Crawled caption data:
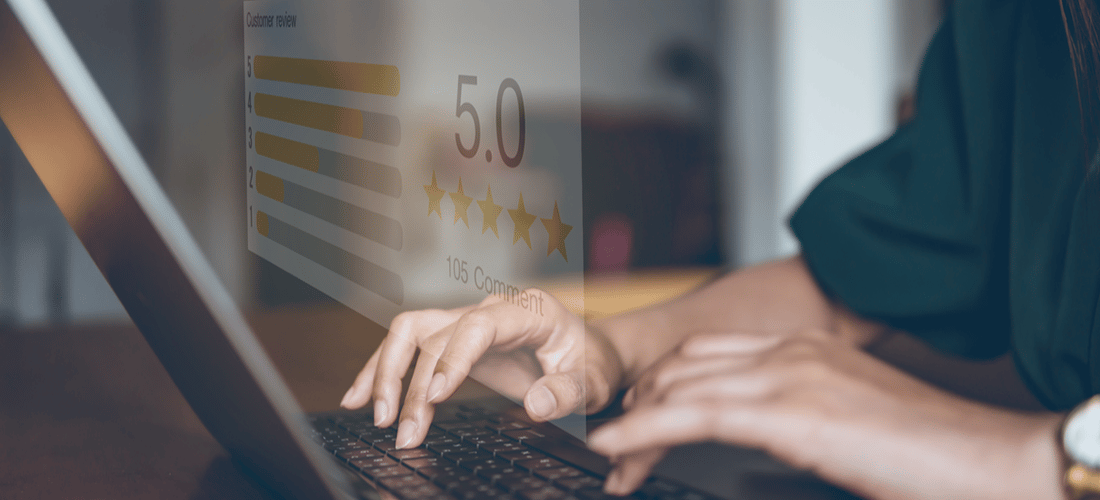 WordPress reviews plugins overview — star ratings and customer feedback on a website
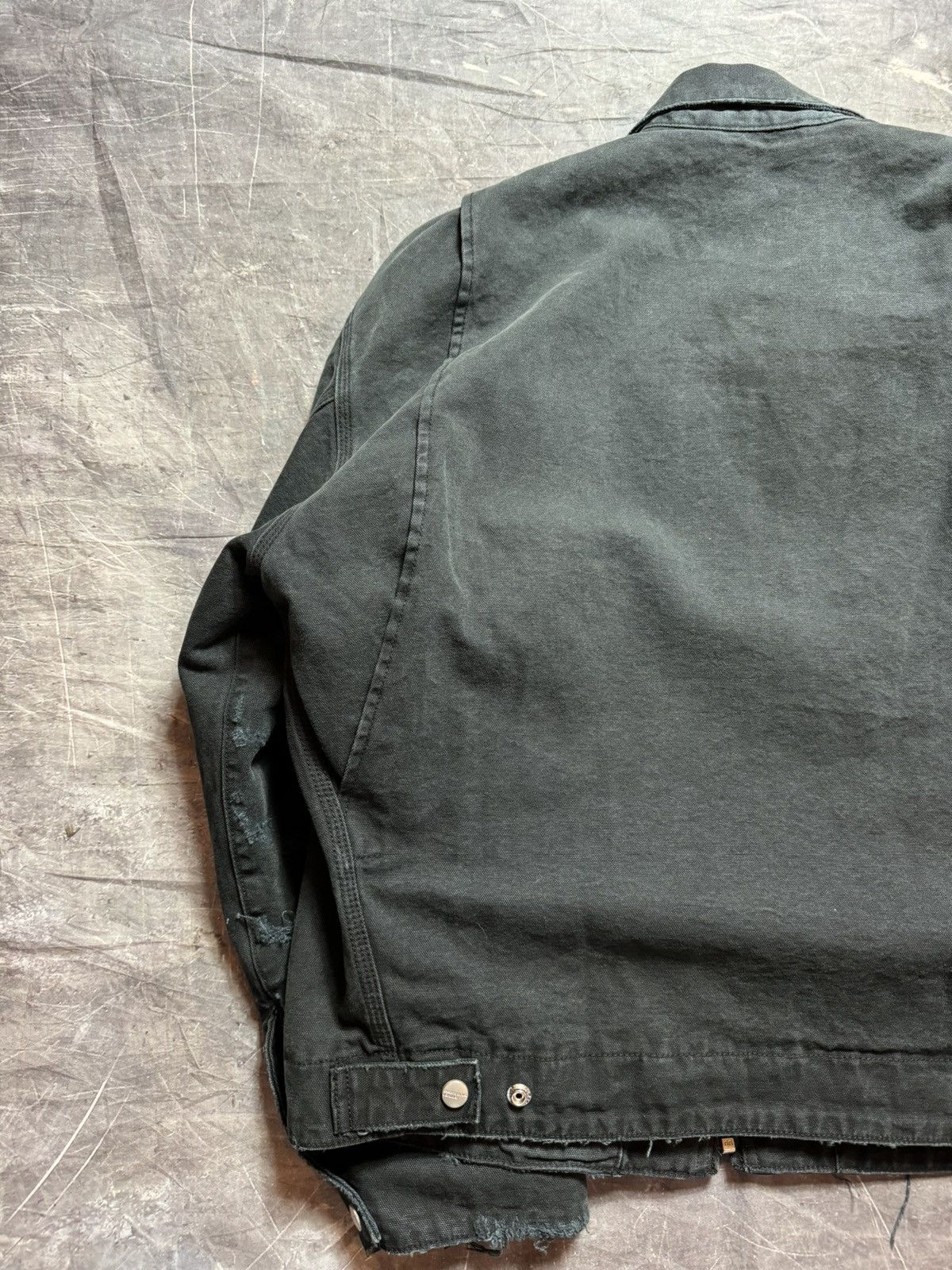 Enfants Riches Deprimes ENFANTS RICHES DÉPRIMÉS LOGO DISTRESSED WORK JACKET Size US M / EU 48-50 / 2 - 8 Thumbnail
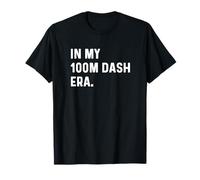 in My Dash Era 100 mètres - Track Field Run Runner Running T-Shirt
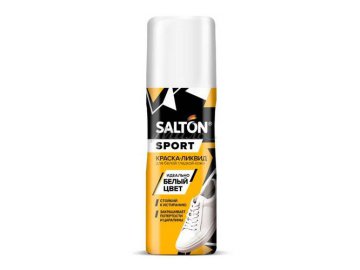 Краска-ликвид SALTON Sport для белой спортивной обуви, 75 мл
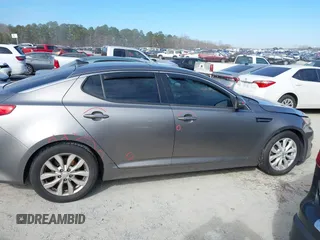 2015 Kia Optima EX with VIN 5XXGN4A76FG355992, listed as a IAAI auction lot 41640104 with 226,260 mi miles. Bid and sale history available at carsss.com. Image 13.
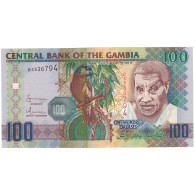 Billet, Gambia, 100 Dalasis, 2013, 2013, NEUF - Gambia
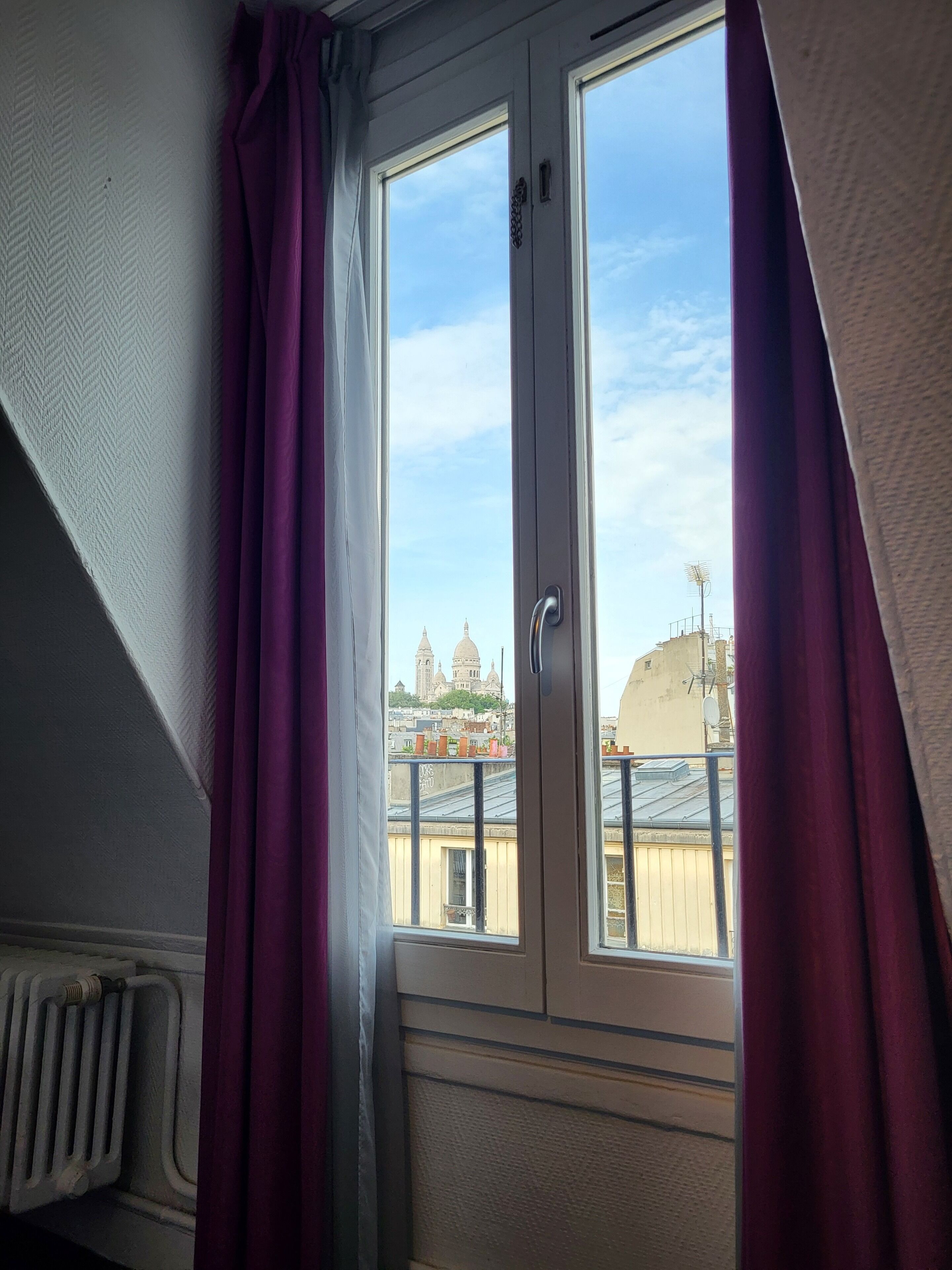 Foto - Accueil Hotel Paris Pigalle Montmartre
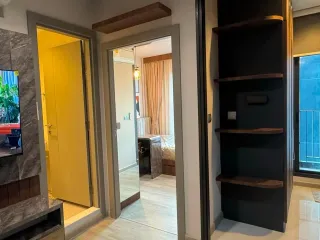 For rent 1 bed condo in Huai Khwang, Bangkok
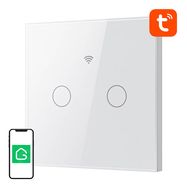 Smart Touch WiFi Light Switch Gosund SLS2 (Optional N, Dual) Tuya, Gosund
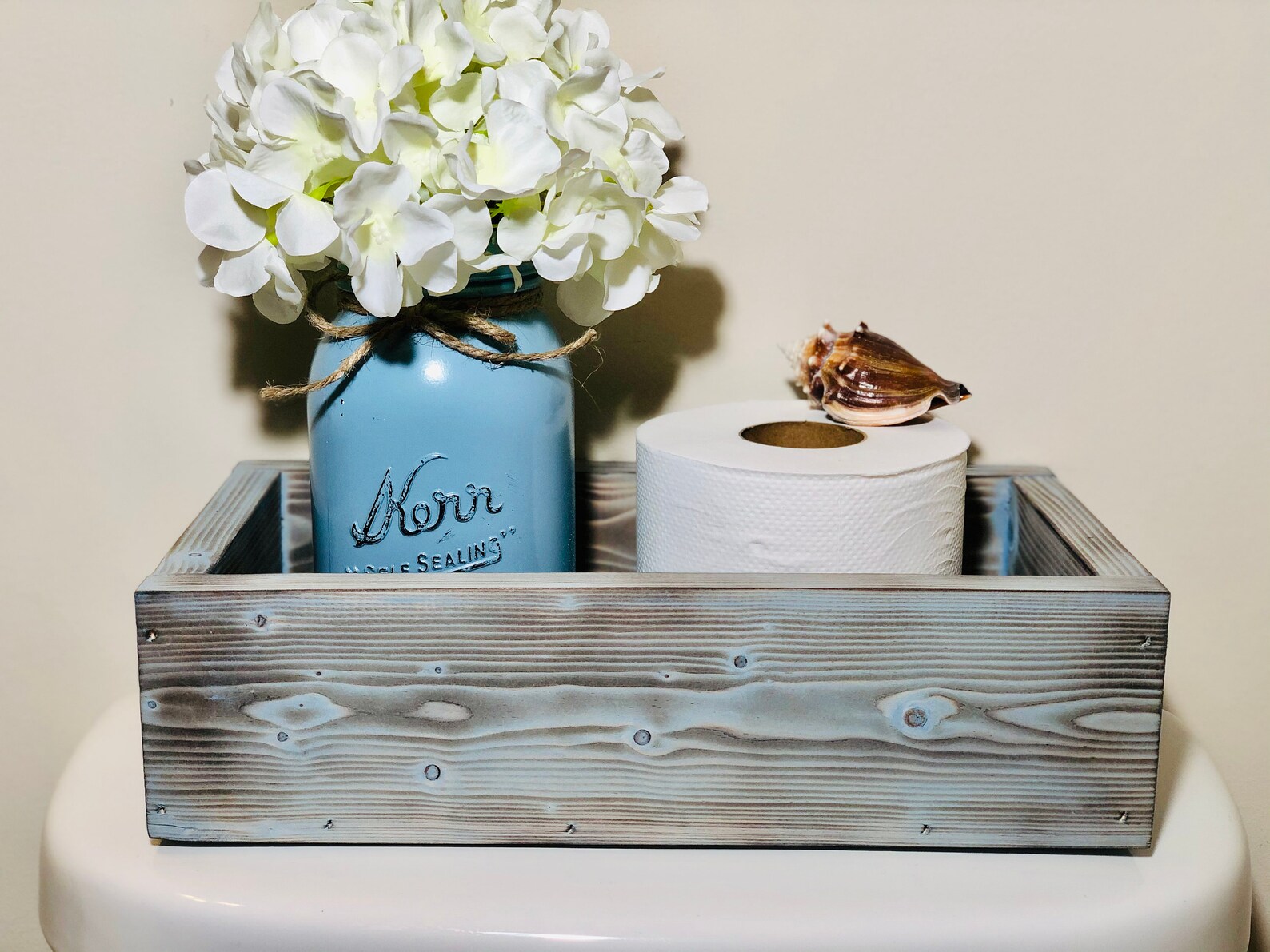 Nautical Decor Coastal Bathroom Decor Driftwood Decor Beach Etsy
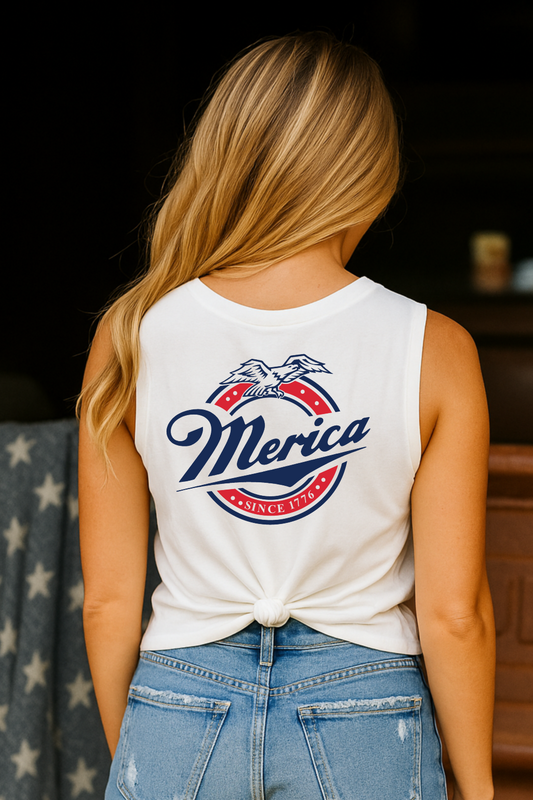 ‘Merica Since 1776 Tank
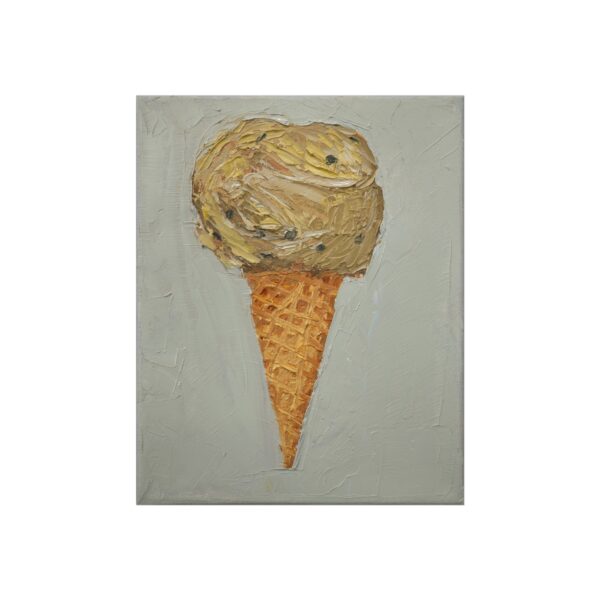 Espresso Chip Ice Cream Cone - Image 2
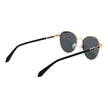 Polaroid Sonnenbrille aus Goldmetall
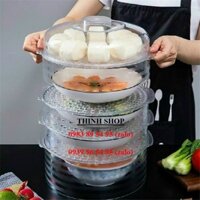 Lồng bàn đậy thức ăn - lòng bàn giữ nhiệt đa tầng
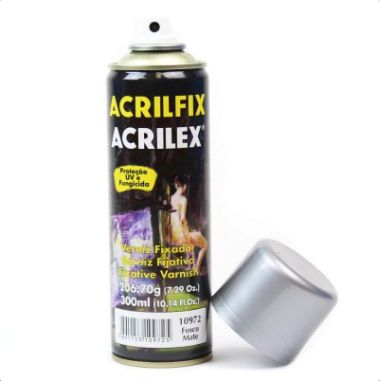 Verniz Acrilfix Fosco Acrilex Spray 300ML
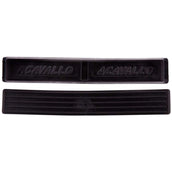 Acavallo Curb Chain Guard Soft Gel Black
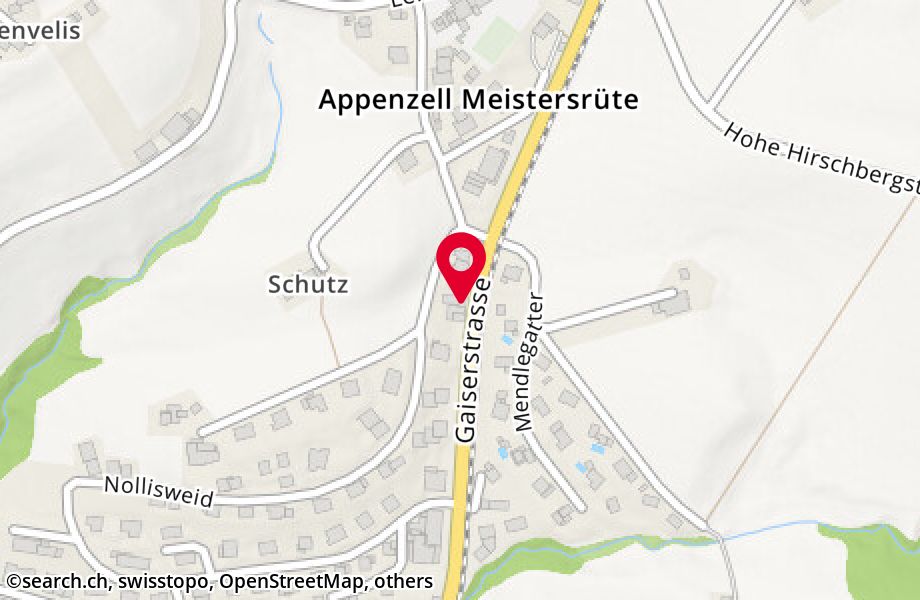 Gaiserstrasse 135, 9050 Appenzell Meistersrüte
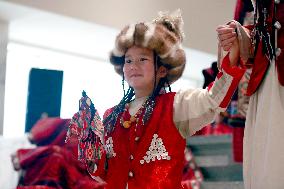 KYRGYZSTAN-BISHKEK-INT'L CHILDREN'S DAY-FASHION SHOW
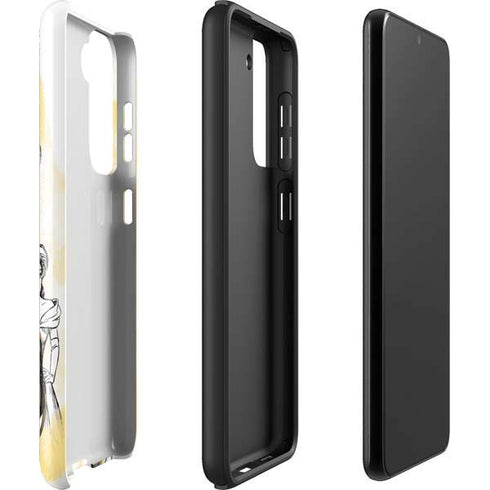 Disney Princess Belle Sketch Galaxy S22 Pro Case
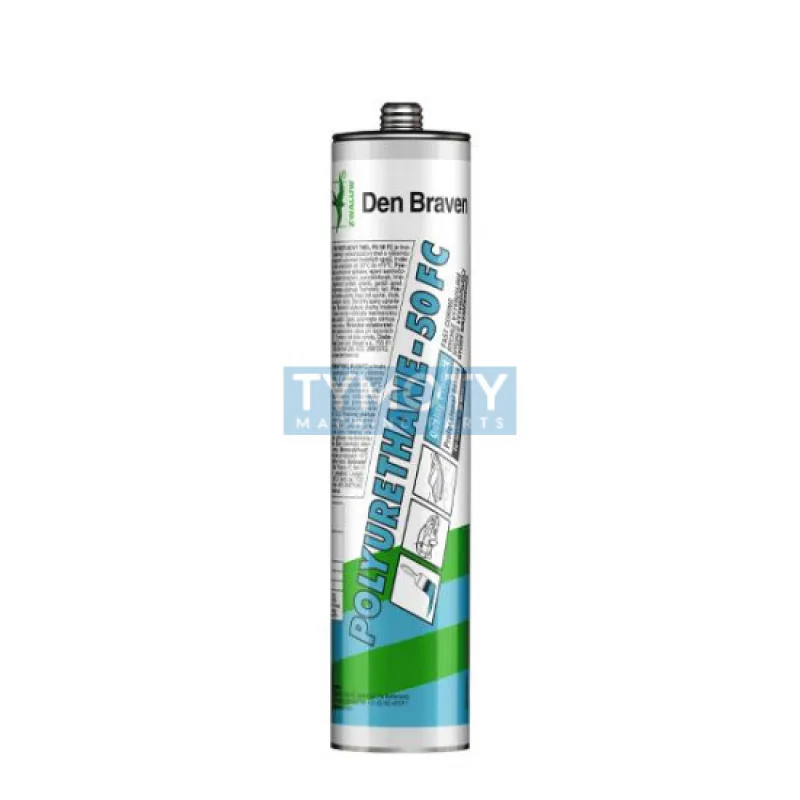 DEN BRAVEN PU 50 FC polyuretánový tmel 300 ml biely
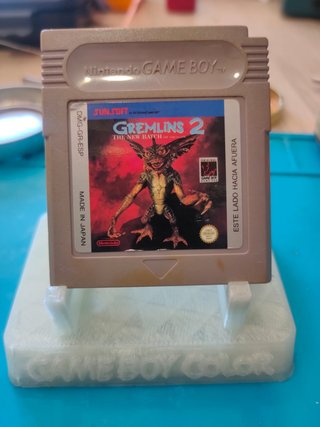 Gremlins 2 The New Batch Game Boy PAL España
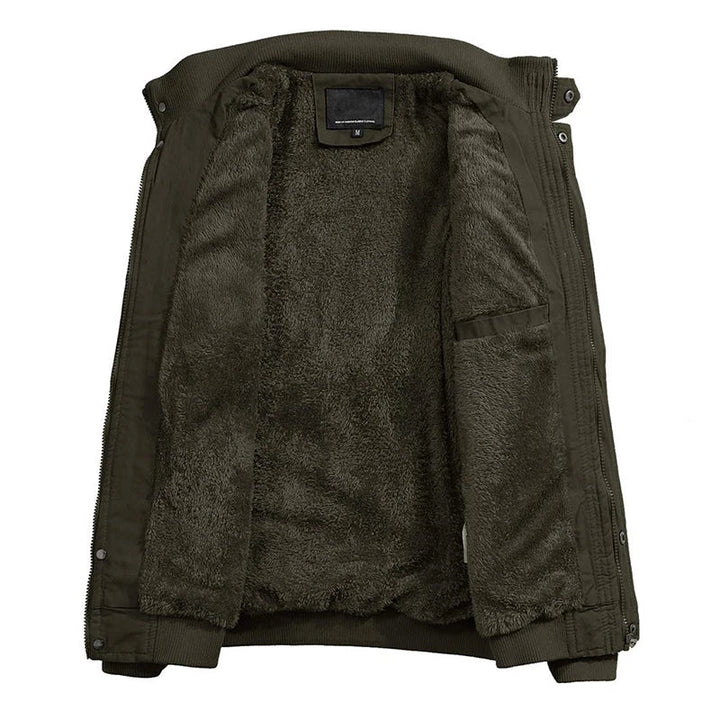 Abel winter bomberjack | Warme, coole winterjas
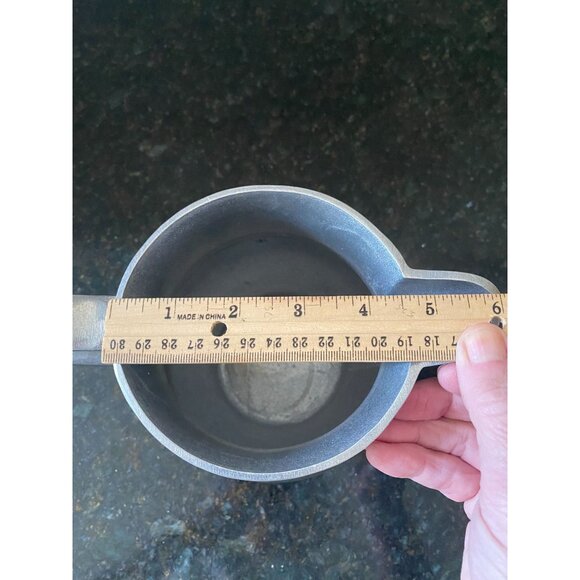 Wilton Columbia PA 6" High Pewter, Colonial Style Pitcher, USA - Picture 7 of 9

#### Problem to work on
Keep to the lines above from the line with "Espresso Chip Ice Cream Cone - Image 2" to the line with "KYRGYZSTAN-BISHKEK-INT'L CHILDREN'S DAY-FASHION", and set down exactly those, inclusive, with nothing else and every picture left out.

#### Answer space
 Espresso Chip Ice Cream Cone - Image 2
 Polaroid Sonnenbrille aus Goldmetall
 Lồng bàn đậy thức ăn - lòng bàn giữ nhiệt đa tầng
 Verniz Acrilfix Fosco Acrilex Spray 300ML
 Acavallo Curb Chain Guard Soft Gel Black
 Gaiserstrasse 135, 9050 Appenzell Meistersrüte
 KYRGYZSTAN-BISHKEK-INT'L CHILDREN'S DAY-FASHION SHOW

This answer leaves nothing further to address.